Wall Street`s bullish reaction to the U.S. decision to yank the resolution off the table at the UN Security Council when it was clear it would lose by 11-to-4 is the best evidence we have that war with Iraq is NOT inevitable. The weakness in equities and the strength in gold before word came the resolution was being pulled was more in line with war, but if there is no fresh resolution the UN will continue to operate under UNSC #1441 which has a momentum of its own and could still produce a diplomatic breakthrough. The evacuation of the weapons inspectors for their own safety, should the bombing begin this week, was ordered by UN Secretary General Kofi Annan under his own authority to relocate UN personnel and merely "noted" by the Security Council. This also stops short of a directive by the Security Council to evacuate in a way that would make it permanent. The fact that UNMOVIK`s Hans Blix is today still laying out a work program on the last measures Iraq needs to be declared fully disarmed informs us that the UN is still functioning on #1441.

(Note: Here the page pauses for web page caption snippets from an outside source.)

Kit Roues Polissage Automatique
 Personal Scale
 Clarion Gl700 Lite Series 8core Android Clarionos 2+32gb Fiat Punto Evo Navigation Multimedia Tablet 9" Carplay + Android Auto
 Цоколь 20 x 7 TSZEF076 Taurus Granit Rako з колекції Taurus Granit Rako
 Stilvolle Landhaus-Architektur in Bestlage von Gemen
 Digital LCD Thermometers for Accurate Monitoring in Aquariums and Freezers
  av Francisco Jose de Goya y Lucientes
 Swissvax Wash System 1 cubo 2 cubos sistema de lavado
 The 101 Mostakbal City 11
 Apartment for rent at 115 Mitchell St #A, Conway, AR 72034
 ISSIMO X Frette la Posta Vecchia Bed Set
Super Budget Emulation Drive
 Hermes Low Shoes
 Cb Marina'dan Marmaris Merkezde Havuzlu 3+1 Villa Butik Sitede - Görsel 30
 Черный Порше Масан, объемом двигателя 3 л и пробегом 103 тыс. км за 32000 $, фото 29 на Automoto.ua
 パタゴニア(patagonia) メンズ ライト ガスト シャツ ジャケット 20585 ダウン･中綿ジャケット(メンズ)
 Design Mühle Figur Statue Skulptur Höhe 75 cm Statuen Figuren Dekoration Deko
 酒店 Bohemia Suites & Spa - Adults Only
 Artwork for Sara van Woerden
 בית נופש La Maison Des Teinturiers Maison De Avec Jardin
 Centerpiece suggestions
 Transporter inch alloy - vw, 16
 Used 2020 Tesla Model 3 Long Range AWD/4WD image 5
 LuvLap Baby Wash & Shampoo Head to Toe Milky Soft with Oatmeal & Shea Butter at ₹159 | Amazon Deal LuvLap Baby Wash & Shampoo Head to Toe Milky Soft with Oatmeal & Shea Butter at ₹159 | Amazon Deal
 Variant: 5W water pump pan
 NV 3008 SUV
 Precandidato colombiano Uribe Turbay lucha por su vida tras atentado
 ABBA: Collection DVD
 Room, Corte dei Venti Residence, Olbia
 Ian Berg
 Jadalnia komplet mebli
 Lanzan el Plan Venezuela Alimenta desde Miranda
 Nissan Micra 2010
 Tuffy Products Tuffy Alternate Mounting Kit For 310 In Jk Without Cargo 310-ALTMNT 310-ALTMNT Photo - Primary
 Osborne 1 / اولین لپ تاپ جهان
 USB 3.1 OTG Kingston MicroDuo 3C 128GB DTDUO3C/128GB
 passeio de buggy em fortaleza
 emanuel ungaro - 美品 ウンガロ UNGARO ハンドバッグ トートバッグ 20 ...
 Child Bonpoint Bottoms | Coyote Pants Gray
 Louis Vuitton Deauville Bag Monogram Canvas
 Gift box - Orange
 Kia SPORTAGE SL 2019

Secretary of State Colin Powell today said the diplomatic window had closed when adjustments in the wording of the resolution could not attract more support. My reading, though, has been that Baghdad would readily accept the kinds of benchmarks and tests at the core of the British resolution. Like the 11 members of the Security Council who opposed the resolution, Iraq was disturbed only by the wording that could trigger automatic military authorization on flimsy excuses. Diplomacy has failed thus far only in that it has not produced the war desired by the hawks in the Bush Administration. There is still room here to open that window of diplomacy.
We will have to see what President Bush says tonight in his address to the nation. The early advertisement that he will give Saddam Hussein so many days to leave Iraq for exile elsewhere indicates there would be enough time for diplomacy to rescue a peaceful solution. What President Bush really needs is some specific political victory that would permit him to say he has forced a permanent solution to Iraq`s interest in acquiring weapons of mass destruction. Jeremy Greenstock, the British UN ambassador, this afternoon specified that Saddam Hussein could resolve the problem himself by making a strategic decision to cooperate with the inspection process. I have believed for the last several months that this could be accomplished by an Iraqi acceptance of perpetual inspections and that Iraq would do so if asked by the inspectors. This would enable the President and UK Prime Minister Tony Blair to say they are now satisfied there would be a cork in the WMD bottle, which cannot be more strategic in its commitment to disarmament.
It is also important to note that Colin Powell this weekend for the first time said the decision to go to war would not be based on the weather. It has been conventional wisdom that the hawks demanded action by this week so the troops in the field would not have to fight in the brutal Iraqi heat that would come in another month or so. In other words, Powell is saying the troops can remain deployed while a time line is extended for the UNMOVIK work program. Time has not run out. The window has not closed. A peaceful solution is easily within reach.